The retrospective analysis was performed following the guidelines of the Declaration of Helsinki and approved by the ethical review committee of the Otto-von-Guericke University Magdeburg, Germany.
Epidemiological Data
Age, gender, height, weight, calculation of body mass index (BMI) and performance status at the time of diagnosis were recorded.
Liver cirrhosis was either diagnosed histologically or by typical clinical signs, i.e. findings consistent with portal hypertension (enlarged spleen, ascites, esophageal or gastric varices or portal hypertensive gastropathy) combined with sonographical findings.
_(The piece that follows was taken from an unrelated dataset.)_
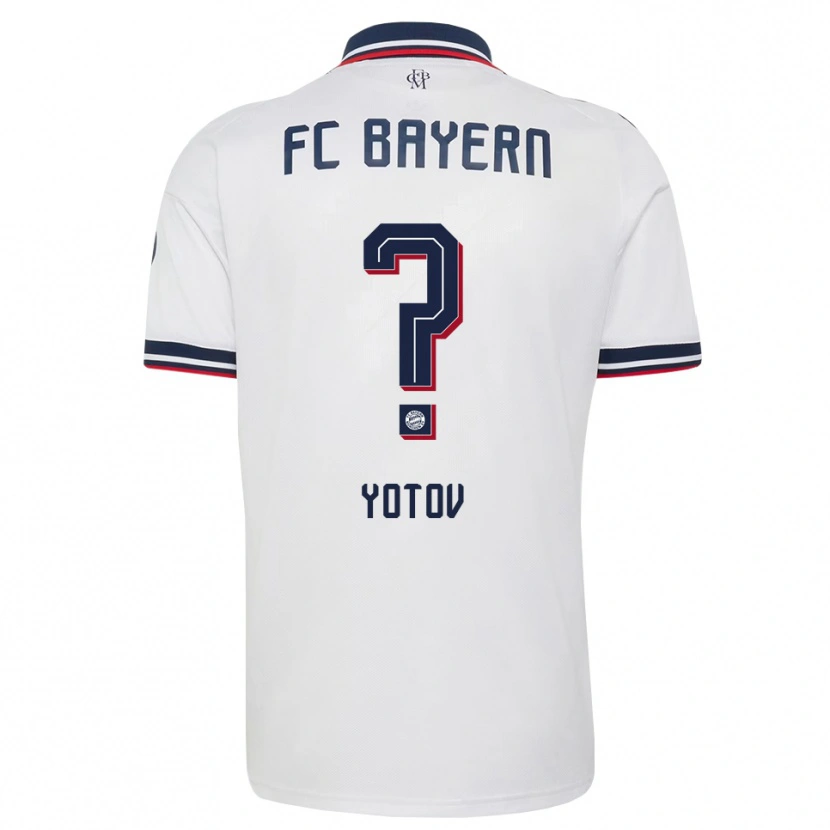 Danxen Män Valentin Yotov #0 Vit Grå Röd Bortatröja Matchtröjor 2026/27 Tröjor T-Tröja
The diagnosis of a non-cirrhotic liver was based on reports of the histopathological evaluation of liver tissue obtained by surgery at time of the resection of HCC or obtained by biopsy from the non-tumor-tissue at the time of diagnosis of HCC. Patients without histological sampling were classified as non-cirrhotic if they were completely free of any evidence of cirrhosis based on clinical, laboratory and radiological findings.
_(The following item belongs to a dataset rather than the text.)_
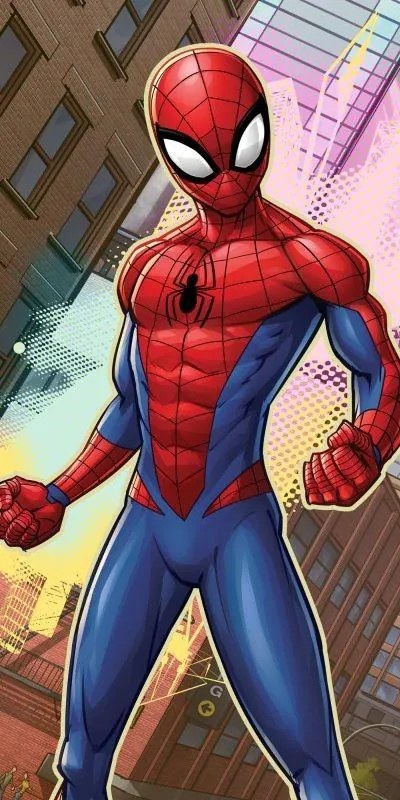 FARO Osuška Spiderman mesto Bavlna Froté, 70/140 cm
Liver cirrhosis was considered to be a consequence of chronic alcohol abuse if the patient had reported a consumption of more than 60 g alcohol/day or if a history of chronic alcohol abuse was documented in the past medical history. Data on the status of hepatitis B viral infection was available for all and on hepatitis C virus infection for 643 patients.
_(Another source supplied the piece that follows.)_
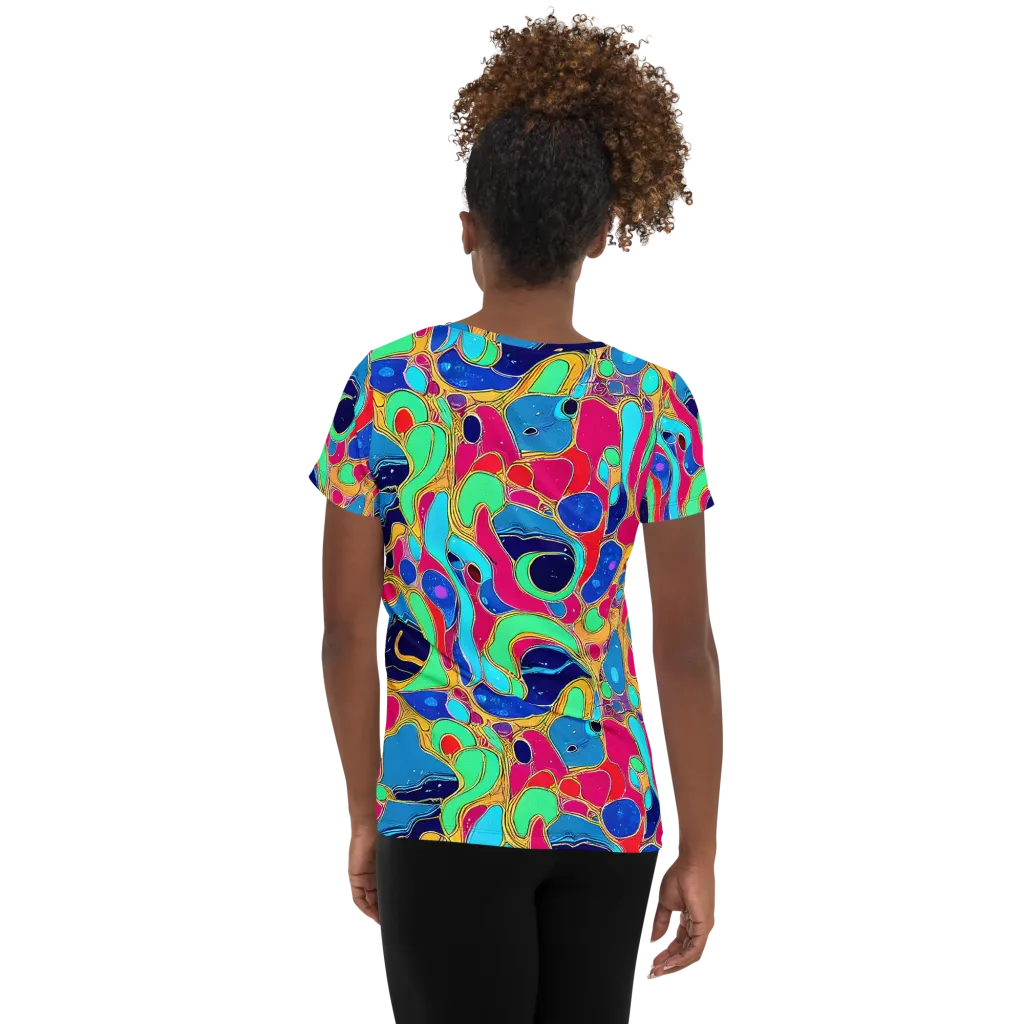 Jewel Riot on Women's Athletic T-Shirt — Back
Information on prevalence of diabetes mellitus as a metabolic risk factor was available for 427 patients. NAFLD was diagnosed by criteria for steatosis in transabdominal ultrasound in the absence of other possible causes of liver disease.
Serum Parameters
To diligently characterize underlying chronic liver disease with respect to liver function, inflammatory activity and etiology, a panel of parameters on clinical chemistry were extracted from the medical records. These included levels of bilirubin, albumin, quick, prothrombin time, alkaline phosphatase, gamma-glutamyl transferase, alanine aminotransferase, aspartate aminotransferase, creatinine, hemoglobin, platelet count, urea nitrogen and protein. If available, levels of ferritin, transferrin saturation, immunoglobulin (Ig) G, IgA, IgM, coeruloplasmin, antinuclear antibodies, antibodies against soluble liver antigen, anti-liver kidney microsomal antigen and alpha-1-antitrypsin were analyzed, too. Additionally, the level of alpha-fetoprotein (AFP) at the time of diagnosis was evaluated. All serum parameter values were classified according to a specified threshold for explorative analyses on parameters' impact on survival.
Tumor Stage
Radiological reports were used for the assessment of tumor stage. Number and size of HCC nodules as well as the presence of distant metastases including lymph node involvement and information on the patency of the portal vein were recorded. The Barcelona-Clinic Liver Cancer (BCLC) stage was defined respecting tumor stage, liver function as assessed by Child-Pugh-score in patients with LC and clinical performance status of the patient. Additionally, the CLIP score was rated for all patients if possible.
Survival Data
In 397 cases the exact date of death was taken from the medical records. For the remaining patients, data on survival was censored at the time of the last documented contact to the patient. Thus, the length of survival was calculated from the date of HCC diagnosis to the date of death or to the date of the last documented contact, respectively.
Statistical Analysis
All statistical analyses were performed using IBM SPSS Statistics 21.0.0 (IBM Corporation, New York, N.Y., USA). Results for numerical data are given as median together with minimum and maximum of the sample (i.e. range). For categorical data, results are given as absolute numbers with percentage. For comparison of categorical data, Chi-Square-tests were applied. Mann–Whitney U–tests were used for testing homogeneity of independent samples in continuous data. For the analysis of individual factors influencing survival Cox regression analyses were performed. Factors that were shown to have a significant input on patients' survival at univariate analysis were included into a multivariate Cox regression analysis except for the two staging systems (CLIP score and BCLC score) that are influenced by several of the clinical and tumor related factors. Median survival times that were also compared by log-rank tests and Kaplan-Meier curves are given for single influencing factors. All tests were carried out two-sided. The level of significance was set to 0.05 without adjusting for multiplicity. The analysis has to be regarded as explorative.